XMARC (Version 1.0)
XML Mapping for MARC Data
geoff at minaret dot biz
Copyright © 2001, 2004 Minaret Corp.
Minaret is a registered trademark of Minaret Corporation.
Permission is hereby granted, free of charge, to any person obtaining a copy of this document to deal in this document without restriction, including without limitation the rights to use, copy, modify, merge, publish, distribute, sublicense, and/or sell copies of this document, and to permit persons to whom this document is furnished to do so, subject to the following conditions:
The above copyright and trademark notices and this permission notice shall be included in all copies and derivative works of this document.
THIS DOCUMENT IS PROVIDED "AS IS", WITHOUT WARRANTY OF ANY KIND, EXPRESS OR IMPLIED, INCLUDING BUT NOT LIMITED TO THE WARRANTIES OF MERCHANTABILITY, FITNESS FOR A PARTICULAR PURPOSE AND NONINFRINGEMENT. IN NO EVENT SHALL THE AUTHORS OR COPYRIGHT HOLDERS BE LIABLE FOR ANY CLAIM, DAMAGES OR OTHER LIABILITY, WHETHER IN AN ACTION OF CONTRACT, TORT OR OTHERWISE, ARISING FROM, OUT OF OR IN CONNECTION WITH THIS DOCUMENT OR THE USE OR OTHER DEALINGS IN THIS DOCUMENT.

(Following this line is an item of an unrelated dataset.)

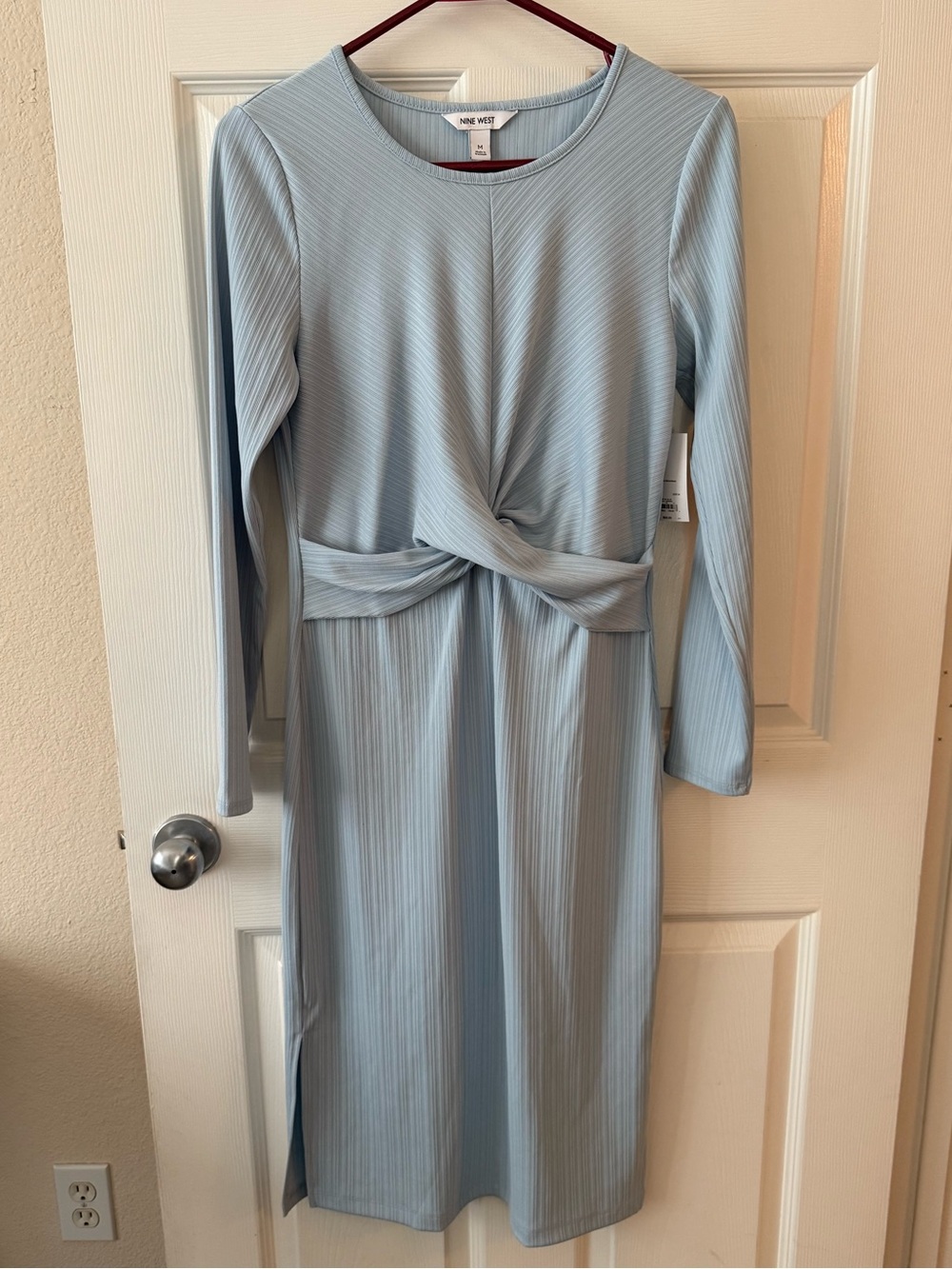 NWT Nine West Light Blue Ribbed Twist-Waist Long Sleeve Dress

November 28, 2001 (Version 0.1)
February 9, 2004
This document describes a mapping between the MARC (MAchine Readable Catalog) communications format and XML for storing MARC data in a database using XML compliant field names. This mapping has a few simple rules for constructing XML element names from MARC field and subfield names which results in a unique and legal XML element name for every field and for every combination of field and subfield.

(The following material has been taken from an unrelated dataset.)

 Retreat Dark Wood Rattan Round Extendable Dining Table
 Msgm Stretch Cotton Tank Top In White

The goal of this mapping is to produce an XML document type that: (a) is as simple as possible to understand and implement; (b) is database friendly; (c) supports high levels of validation, if desired; and (d) works with all MARC formats. To avoid problems with spaces within a fixed length XMARC control field, either a DTD (Document Type Definition) or XML Schema should be used, or an attribute of 'xml:space="preserve"' should be included with any fixed length data elements. When DTDs or schemas are used, XML parsers generally preserve white space or at least make it available to the application.
A file of 20 test records is available in both MARC and XMARC formats to illustrate the principles of this mapping. They are:
Please note that the above MARC file contains diacritic characters which have been combined with the characters they modify and converted into their Unicode equivalents to produce the XML file. For example, the combination of an acute accent followed by the letter "e" in the MARC source file has been converted into the single character "é", which has been output as the Unicode hexadecimal value of "é". Also note that any indicators that were blank in the source file were not output in the resulting XML file.
Create a mapping that is easy to implement and understand, and which will handle any type of MARC record.
This is accomplished by using existing MARC field and subfield names as the basis for their corresponding XML element names. This has the advantage of being easy to understand for anyone conversant in MARC terminology and is also extremely easy to implement by system designers and programmers. No sophisticated field mapping is necessary. In addition, no understanding of the content of the MARC record is necessary to perform the conversion. It does not matter whether the data is bibliographic, authority, community information, etc.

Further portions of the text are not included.